La voz de la muerte
Viene cada mes y toca su
timbre. Tiene una voz agradable y muy
varonil. Su dicción es muy
aceptable. Y demuestra tanta cortesía
que a veces resulta chocante. Nunca le he visto, ¡no me atrevo a asomarme a la
ventana!, aunque sería muy fácil. Para
mí es solo eso, una voz, ¡la voz de la muerte!
Oigo cómo le formula preguntas personales, le increpa de sus gustos y
hasta se atreve a pedirle su número de teléfono. A ella, a mi vecina, le
gusta. Se le nota en la voz y en la risa
(su tono no suele ser el mismo con el que grita a los niños que cuida). Sólo oigo su risa una vez al mes. Cuando ocurre esta visita furtiva, a media
mañana, cuando no hay casi nadie en el vecindario. Y su tos cada vez más sonora de fumadora
crónica, rompe el silencio de la media mañana e interrumpe esa placentera
risa. Respira. Se calma. Es así cada treinta días.
Hoy volvió la voz a casa de mi
vecina. Siempre con un bolso cargado de
regalos. La endulza, la prepara
lentamente. Y hubo risas, flirteos,
comentarios. ¡Y esa voz! Una voz que parece entrenada para hacer
sonreír, para responder a sus requerimientos.

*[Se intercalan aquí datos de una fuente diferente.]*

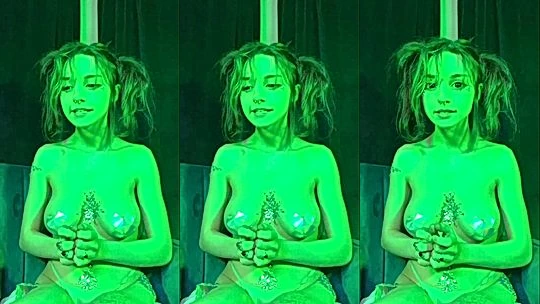 Lilmochidoll in her sexy neon cloth loves to show her sexy body leaked video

Ella, mi vecina, cede. No le
importa la reiteración de las preguntas, responde presta y con gusto porque
sabe que obtendrá su premio como el mes pasado, como el mes próximo. Solo por eso contesta y sonríe… y suspira ansiosa. Termina la entrevista, ya la muerte deja su
legado, su cuota de inversión progresiva y mi vecina la recibe, sonriente. Se va la voz y ella, mi vecina, abraza a su
paquete de cajetillas de cigarrillos, ansiosa de que llegue el próximo
mes. Feliz de haberse ganado un regalo
más de la voz. Tose y se ahoga. Y cierra la puerta sonriente.